The ASSERT_WITH_SECURITY_IMPLICATION() macros in WebCore::ImageData constructors identify nullptr dereferences as security issues, which they are not.
<rdar://problem/27497338>
Created attachment 292082 [details] Patch v1
Comment on attachment 292082 [details] Patch v1 View in context: https://bugs.webkit.org/attachment.cgi?id=292082&action=review r=me > Source/WebCore/html/ImageData.cpp:126 > + ASSERT_WITH_SECURITY_IMPLICATION(!m_data || static_cast<unsigned>(size.width() * size.height() * 4) <= m_data->length()); Suggest: size.area() * 4
(In reply to comment #3) > Comment on attachment 292082 [details] > Patch v1 > > View in context: > https://bugs.webkit.org/attachment.cgi?id=292082&action=review > > r=me > > > Source/WebCore/html/ImageData.cpp:126 > > + ASSERT_WITH_SECURITY_IMPLICATION(!m_data || static_cast<unsigned>(size.width() * size.height() * 4) <= m_data->length()); > > Suggest: size.area() * 4 Should I change the other constructor as well?
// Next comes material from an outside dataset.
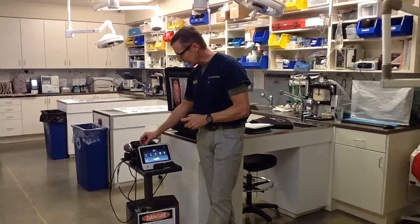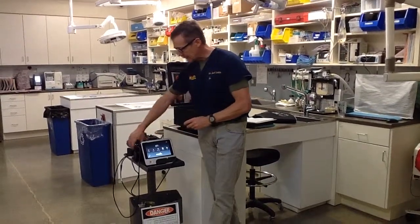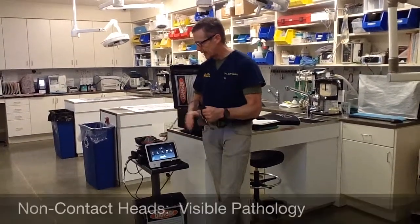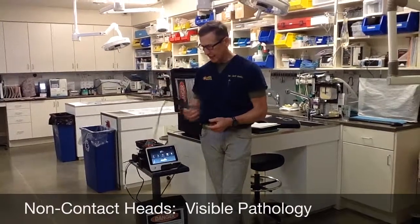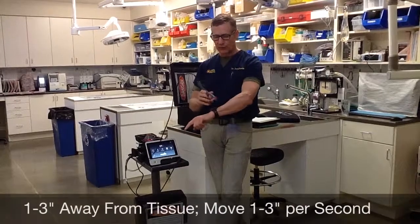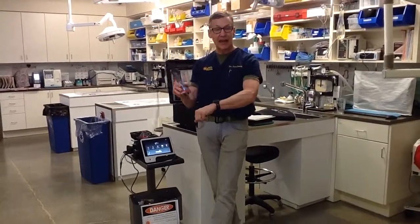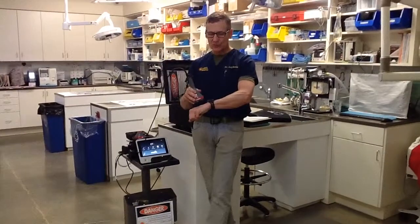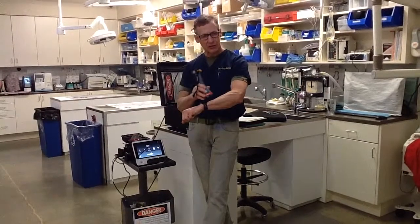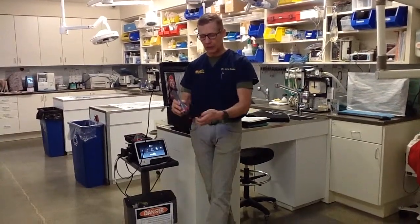We also have the non-contact heads, and those heads are intended for pathology that you can see — stomatitis, gingivitis, otitis, dermatitis. You stay one to three inches away from the tissue and move it at one to three inches per second, but do not contact the tissue with the non-contact head. One inch is better than three inches, and one inch per second is better than three inches per second. It just depends on the comfort level of the animal.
ImageData::ImageData(const IntSize& size) : m_size(size) , m_data(Uint8ClampedArray::createUninitialized(size.width() * size.height() * 4))
(In reply to comment #4) > (In reply to comment #3) > > Comment on attachment 292082 [details] > > Patch v1 > > > > View in context: > > https://bugs.webkit.org/attachment.cgi?id=292082&action=review > > > > r=me > > > > > Source/WebCore/html/ImageData.cpp:126 > > > + ASSERT_WITH_SECURITY_IMPLICATION(!m_data || static_cast<unsigned>(size.width() * size.height() * 4) <= m_data->length()); > > > > Suggest: size.area() * 4 > > Should I change the other constructor as well? > > ImageData::ImageData(const IntSize& size) > : m_size(size) > , m_data(Uint8ClampedArray::createUninitialized(size.width() * > size.height() * 4)) Talked to Brent in person, and we agreed that we should change this one as well to match.
Committed r207560: <http://trac.webkit.org/changeset/207560>
What protects the area and * 4 computations from overflowing?
(In reply to comment #7) > What protects the area and * 4 computations from overflowing? Nothing! David and I were talking about this specific issue yesterday. David is working on a separate patch to do CheckedArithmetic math on these calculations to avoid overflowing.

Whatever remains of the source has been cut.